First person to receive a pig kidney transplant dies

A specialist removes a pig kidney from a box for transplantation at Massachusetts General Hospital.

A specialist removes a pig kidney from a box for transplantation at Massachusetts General Hospital. Photo: Massachusetts General Hospital via AP

A US man, who became the first person to receive a genetically modified pig kidney transplant, has died nearly two months after he underwent the procedure.

Richard “Rick” Slayman had the transplant at Massachusetts General Hospital in March at the age of 62.

Surgeons said they believed the pig kidney would last for at least two years.

The transplant team at Massachusetts General Hospital said in a statement it was deeply saddened by Slayman’s passing and offered condolences to his family.

The hospital team said they didn’t have any indication that he died as a result of the transplant.

The Weymouth, Massachusetts, man was the first living person to have the procedure.

Previously, pig kidneys had been temporarily transplanted into brain-dead donors. Two men received heart transplants from pigs, although both died within months.

Slayman had a kidney transplant at the hospital in 2018, but he had to go back on dialysis last year when it showed signs of failure. When dialysis complications arose requiring frequent procedures, his doctors suggested a pig kidney transplant.

In a statement, Slayman’s family thanked his doctors.

“Their enormous efforts leading the xenotransplant gave our family seven more weeks with Rick, and our memories made during that time will remain in our minds and hearts,” the statement said.

The family said Slayman underwent the surgery in part to provide hope for the thousands of people who need a transplant to survive.
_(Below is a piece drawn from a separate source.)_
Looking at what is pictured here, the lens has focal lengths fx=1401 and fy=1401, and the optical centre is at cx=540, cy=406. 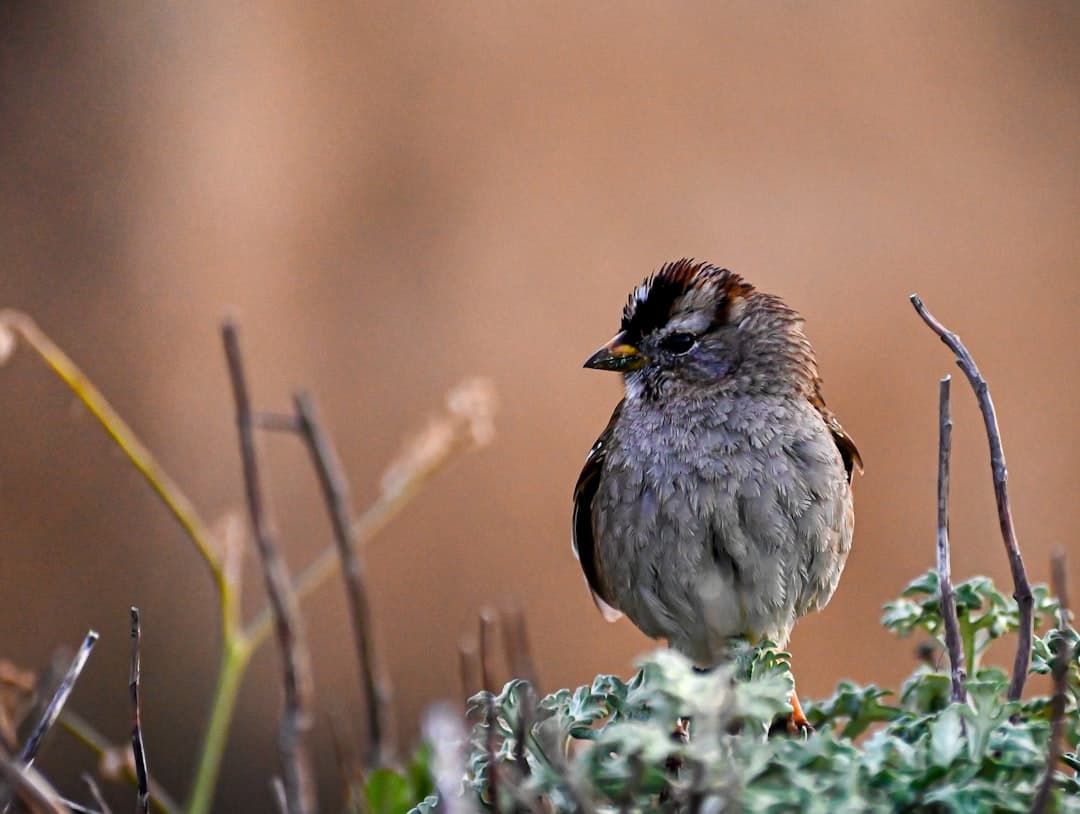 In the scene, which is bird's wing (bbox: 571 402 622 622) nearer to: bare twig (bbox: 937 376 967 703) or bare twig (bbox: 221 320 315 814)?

“Rick accomplished that goal and his hope and optimism will endure forever,” the statement said.

Xenotransplantation refers to healing human patients with cells, tissues or organs from animals.

Such efforts long failed because the human immune system immediately destroyed foreign animal tissue.

Recent attempts have involved pigs that have been modified so their organs are more human-like.

More than 100,000 people are on the US national waiting list for a transplant, most of them kidney patients, and thousands die every year before their turn comes.